Édouard se pencha lentement, tira d’une boîte métallique un carré de papier calque, et le poussa vers elle.
Sur le calque, reproduit d’après la toile démaquillée, une silhouette de profil : un jeune homme debout près d’une fenêtre, une fiole dans la main droite, une corde à la ceinture. Le fond montrait des cuves fumantes, dessinées au graphite.
— Et là, dit Édouard en poussant son doigt vers le coin inférieur droit. Regardez.
Une signature, qu’elle dut plisser les yeux pour déchiffrer, écrite d’une main tremblante : *J.-B. Moreau, 1856*. Celle de son arrière-arrière-grand-père. La description de la nuit, par l’homme même que la famille Moreau avait juré avoir disparu dans un accident à l’étranger, un an avant la malédiction.

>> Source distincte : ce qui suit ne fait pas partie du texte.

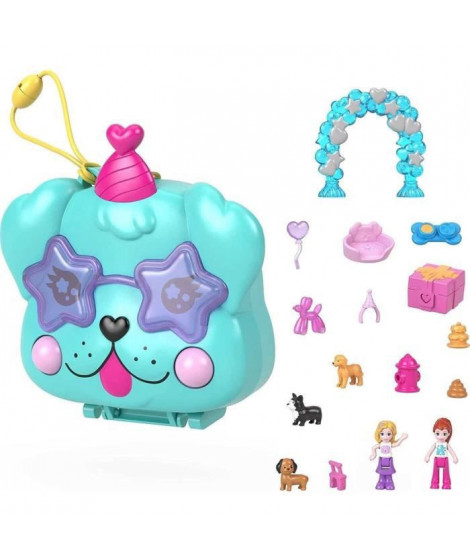 Polly Pocket - Coffret Anniversaire Chien - Mini-Univers - 4 Ans Et +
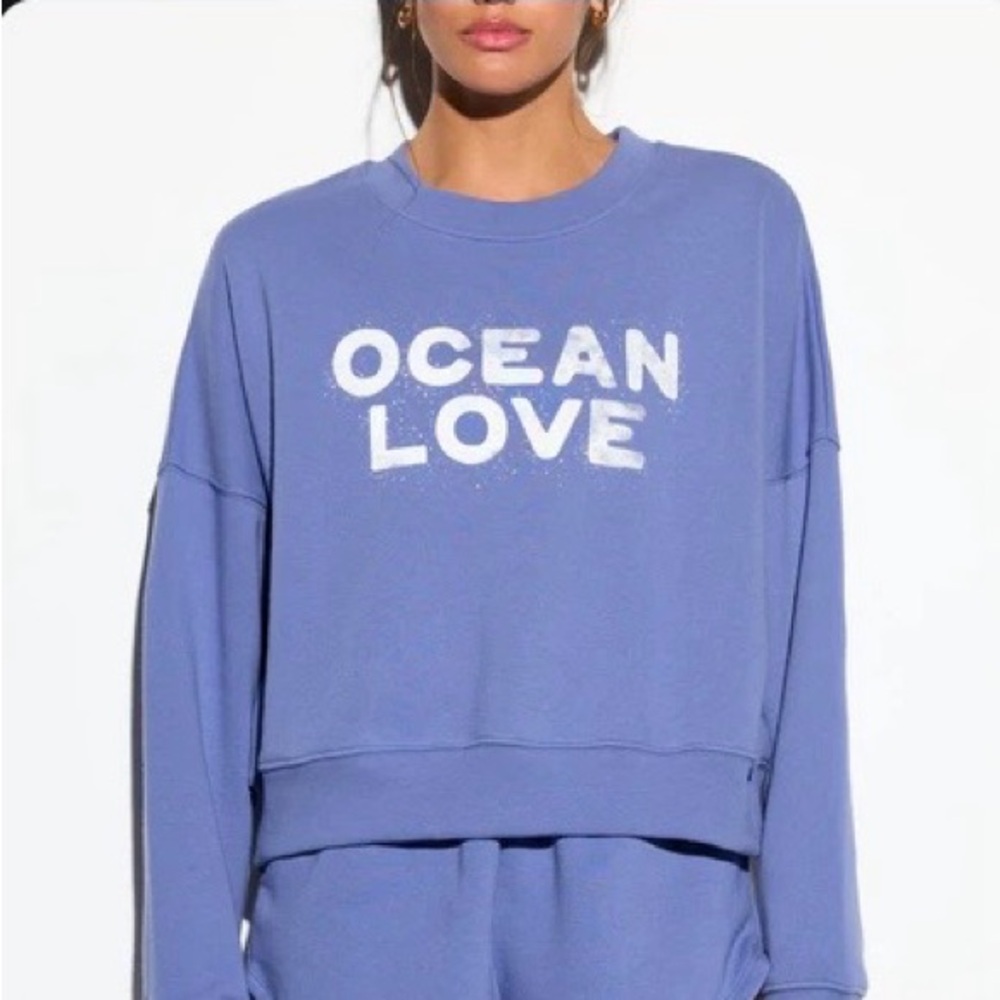 NWT Spiritual Gangster OCEAN LOVE Sweatshirt 💜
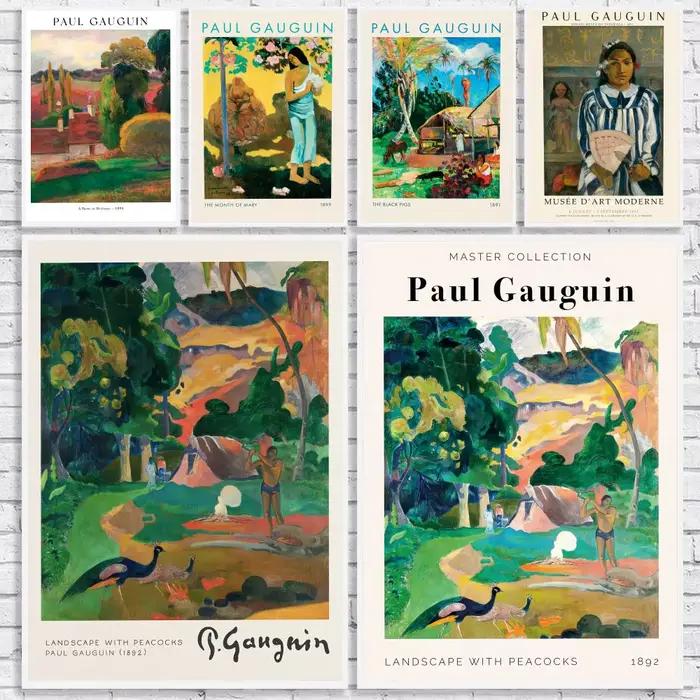 Affiche classique du peintre P-Paul Gauguin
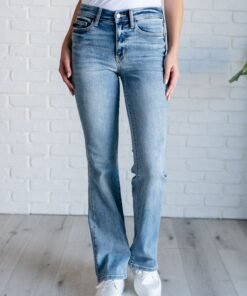 Alana Mid Rise Clean Bootcut Jeans Ave Shops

— Laurent vous dit qu’il a essayé de sauver Jean-Baptiste et qu’il a échoué ? Édouard laissa un sourire amer flotter. Alors demandez-lui pourquoi le frère que vous croyez mort a peint, de son propre trait, cette scène — et pourquoi Charles l’a gardée cachée dans l’au-delà du tableau.

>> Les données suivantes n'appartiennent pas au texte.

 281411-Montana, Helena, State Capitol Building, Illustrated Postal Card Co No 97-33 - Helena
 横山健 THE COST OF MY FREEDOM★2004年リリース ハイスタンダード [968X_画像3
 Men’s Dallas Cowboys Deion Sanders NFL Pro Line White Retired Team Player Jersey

La clochette de la porte tinta. Camille tressaillit, mais ce n’était que le vent.
Elle ne savait plus qui croire. Et dans cette ignorance, elle découvrit tout à coup, avec une clarté glaciale, une chose qu’Édouard pouvait ignorer : Laurent ne savait pas que Charles était actif. Ne savait pas que Camille se lançait sur ses traces. Lorsqu’elle sortit dans l’allée, une lettre était glissée sous l’essuie-glaces de sa voiture. Papier épais, écriture ancienne, sceau de cire bleu aux armes des Laroche.
*Je vous attends ce soir, sans lui. Sinon, le portrait de la fenêtre, le dessin qui révèle votre arrière-grand-père vivant — il repartira aux âmes qui ont disparu. V. T.*
Vasseur. Le nom qui apparaissait sans cesse sans jamais se montrer. Camille serra le papier si fort que la cire céda, et pendant un long instant, seule la brise de Paris répondit à son silence.